Она вдруг застенчива. Раньше она боролась, но с энергией, чтобы найти источник уверенности, которую она хочет чувствовать. Теперь ветер ушел из ее парусов. Вера есть, да, но она едва может стоять на собственных ногах. Он притворяется, что намного сильнее, чем есть на самом деле, и не любит, когда обнаруживают его слабость. Он неуклюже пытается представить доказательства и находит очень мало. В отчаянии Дикинсон обращается к своей последней надежде - проповеднику и его прихожанам, Церкви на Земле.

“Много жестов, с кафедры - Сильный аллилуйя -”

Это невыносимо пусто. Есть уверенность, да, и много шума, но нет ни доказательств, ни уверенности, ни даже веры, обязательно. Просто волнение. С отвращением она бросает эту идею и полностью меняет направление:

«Наркотики не могут заткнуть Зуб, Который вгрызается в душу -»

Она больше не говорит ни о вере, ни о загробной жизни, ни о доказательствах, ни даже о разочаровании во всем, что подвело ее в поисках.
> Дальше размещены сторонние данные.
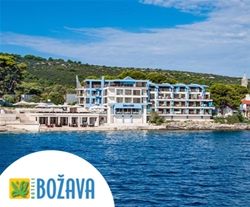 Hotel Maxim 4*, Dugi otok, Hrvaška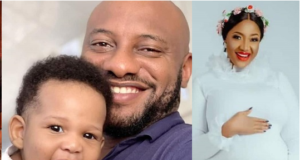 Yul Edochie Cries Out Over Death Threat, Months After His Second Marriage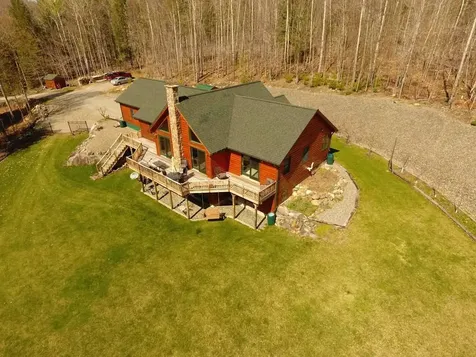 16 Hall Cove Road Industry ME 04938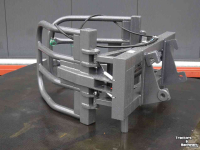 Bale clauw Hofstede Ronde balenklem model Giant aankoppeling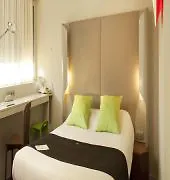 Campanile Château-thierry Hotel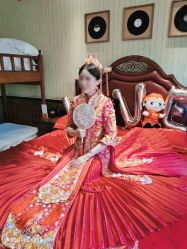 -GRACE KELLY婚纱与礼服(北京店)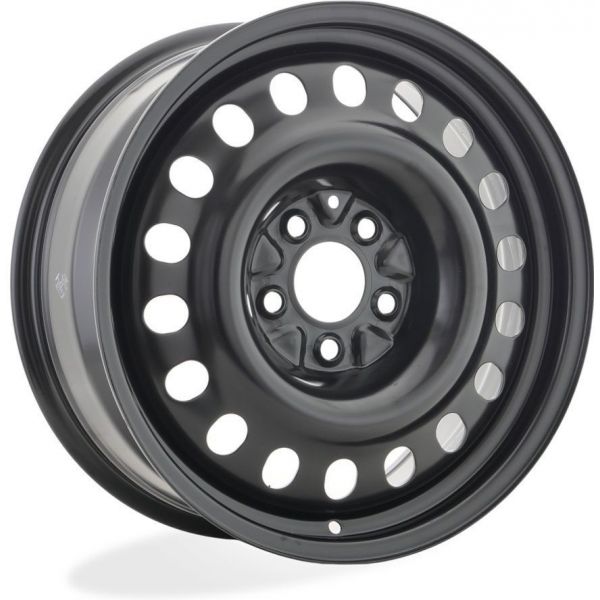 Тольятти Chevrolet_Opel 6.5 R16 PCD:5/105 ET:39 DIA:56.6 black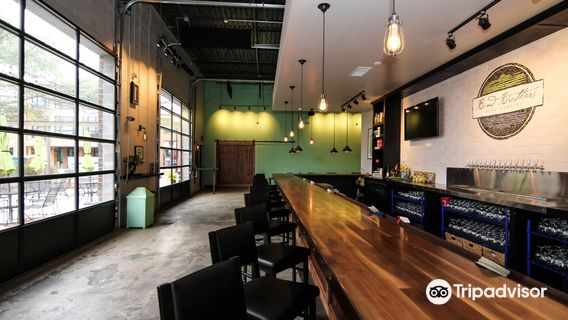 Bond Brothers Beer Company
Нет, сейчас у нее на уме только «наркотики». Что-нибудь, что-нибудь, чтобы заглушить мучительную боль, в которой она пребывает. Она не выдала нам секрета, как ее мучает эта мысль, до самого конца, когда это все, что у нее осталось. Тип боли, которую она описывает, важен. Это не зияющая рана. Она не истекает кровью. Боль намного тише, чем это. (В первоначальном наброске этого стихотворения речь шла о мыши, а не о зубе.) Это почти та боль, которую вы изначально могли игнорировать. Но это неумолимо. Это непрерывно. Вы не просите наркотики при первой же щепотке, но вы будете кричать об этом после многих лет, когда вас грызут.
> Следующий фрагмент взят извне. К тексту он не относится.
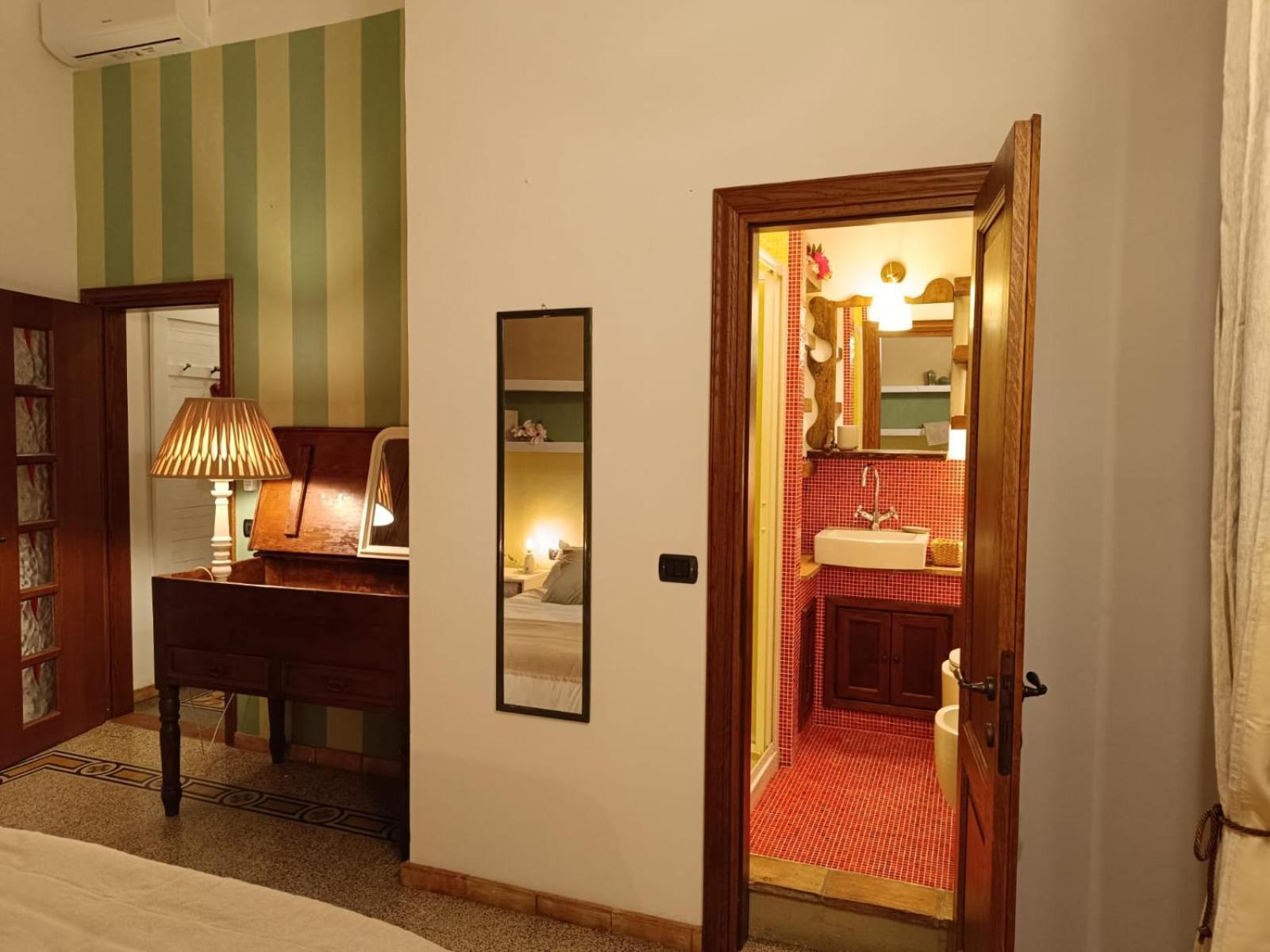 Castle 2 Bedrooms, 2 Bathrooms * Florencia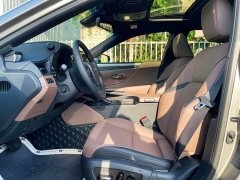 Lexus ES 2025 200 Premium Edition - ფოტო 4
Дикинсон вовсе не заканчивается заключением. Она не говорит: «У меня было это; этот мир - все, что у нас есть». Это показательно. Не поймите меня неправильно, я не вижу лучика надежды в этих последних строчках, но концовка все же говорит нам о чем-то. Она заканчивается не точкой, а тире. Она вышла из комнаты. Комната для чего, мы не знаем, но и она тоже. Нам всем придется подождать и выяснить это.